I tripped across this post "Do Thought Leaders Need to Be Practitioners" about a conversation between @schneidermike and @adamkmiec. This debate reminds me a lot of the chatter about 'getting out of the echo chamber' and 'who is really a social media expert'.
I've got a slightly different take on this whole meme... which is this: Why is it so important to define or decide who is/isn't/etc.? For one, we all have different and unique perspectives and experiences. Sometimes that is useful to others and sometimes it is not. Everyone is at a different place on the ramp when it comes to understanding new disciplines, including how to effectively operate on the social web. Sometimes it is helpful to speak with someone who is really enthusiastic, using tools in a personal way to do interesting things. Sometimes it is more helpful to speak with someone who has a lot of experience with really large organizations because the decision-making and operational flow are so different. Sometimes theory is interesting. Sometimes specifics are.
One thing that I do know is that it is extremely hard to have a macro and a micro view of things at the same time - or an experienced view and a new perspective on something. I've been an analyst and in that role you see more technology and companies than anyone in an operational role ever could. See my older post on my perspective on what an analyst does. I've run product groups and been head down for months on end and in those roles you dig in and really understand the ins and outs of customer need and functionality around very specific things... but it is really hard to transition to thinking about theory and the latest greatest thing going on in the market. What I've seen managing groups is that it is extremely helpful to have a combination of experience and newbies - they feed off of each other- the newer people with questions forcing the experienced people to look at things differently or to articulate their thoughts better and the more experienced people guiding the newer people to ask the right questions.
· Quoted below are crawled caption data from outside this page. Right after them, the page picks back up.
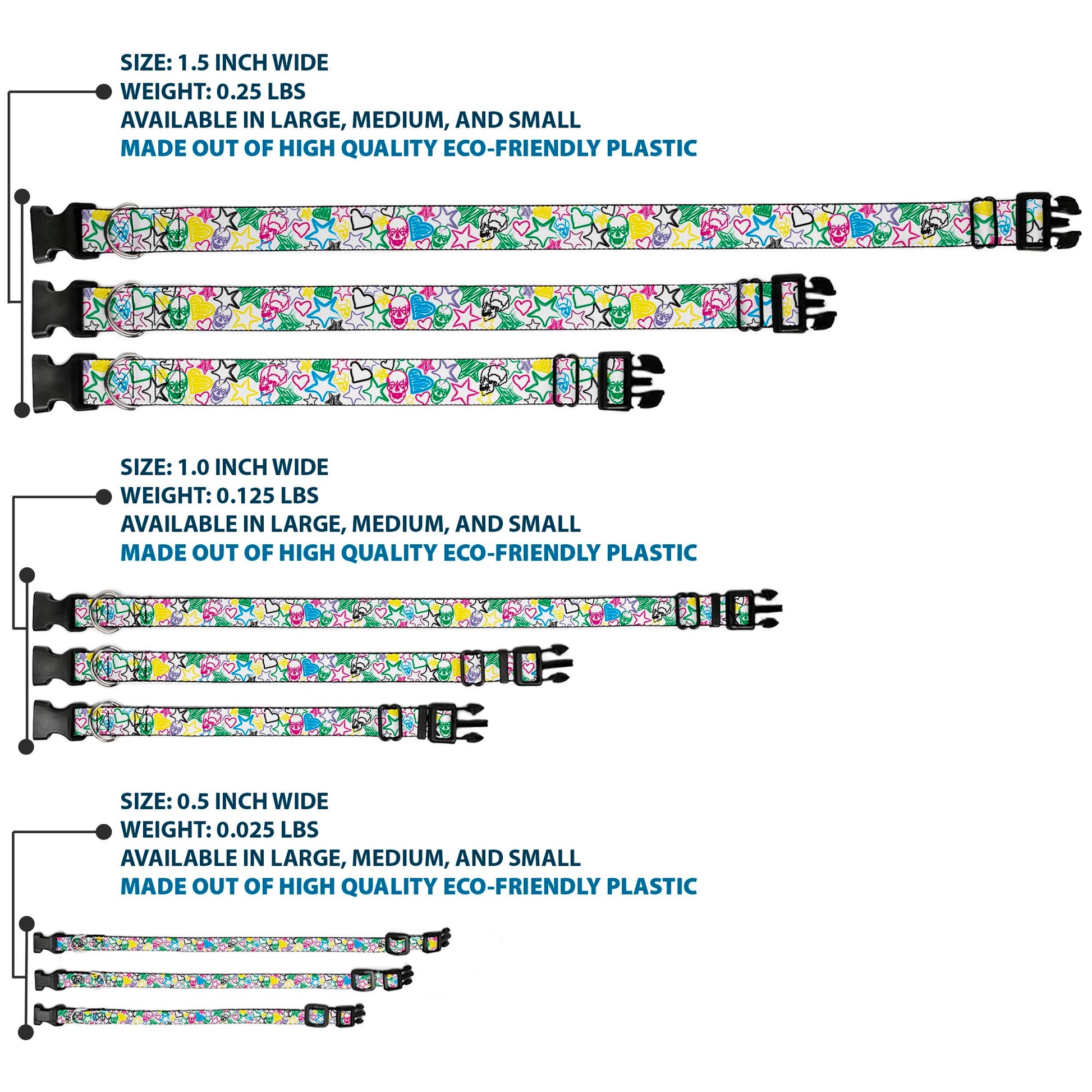 Plastic Clip Collar - Sketch Skull/Star/Heart White/Multi Color Plastic Clip Collars Buckle-Down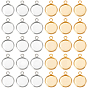 40Pcs 2 Styles 304 Stainless Steel Pendant Cabochon Settings, Plain Edge Bezel Cups, Flat Round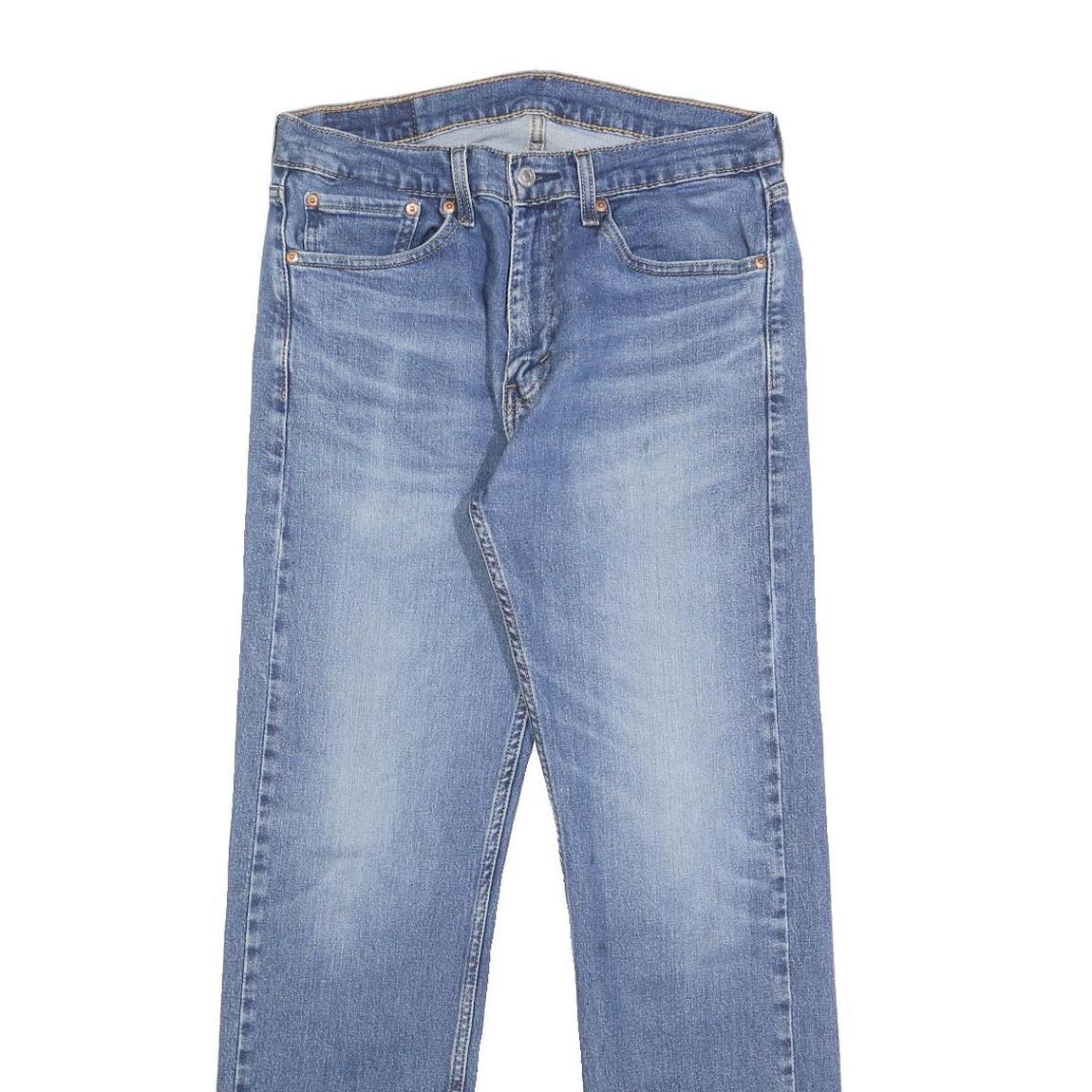 LEVI'S 505 Mens Jeans Blue Regular Straight Denim Medium W32 L32 Classic Fit Zip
I think we need all sorts of people, in all sorts of roles, to help us figure out how each of our organizations will approach the social web. It is not an either or equation. People who think so are feeling in some way threatened by the emergence of a different perspective or voice. And what about the echo chamber? To me, regurgitation is a form of learning... new people coming into the conversation and rolling the concepts around for themselves - saying very similar things but in slightly different ways. Each of us has the option to decide for ourselves who we listen to - if you don't find someone's perspective useful, there are plenty of ways to stop listening but I for one think we could spend more time trying to understand each other.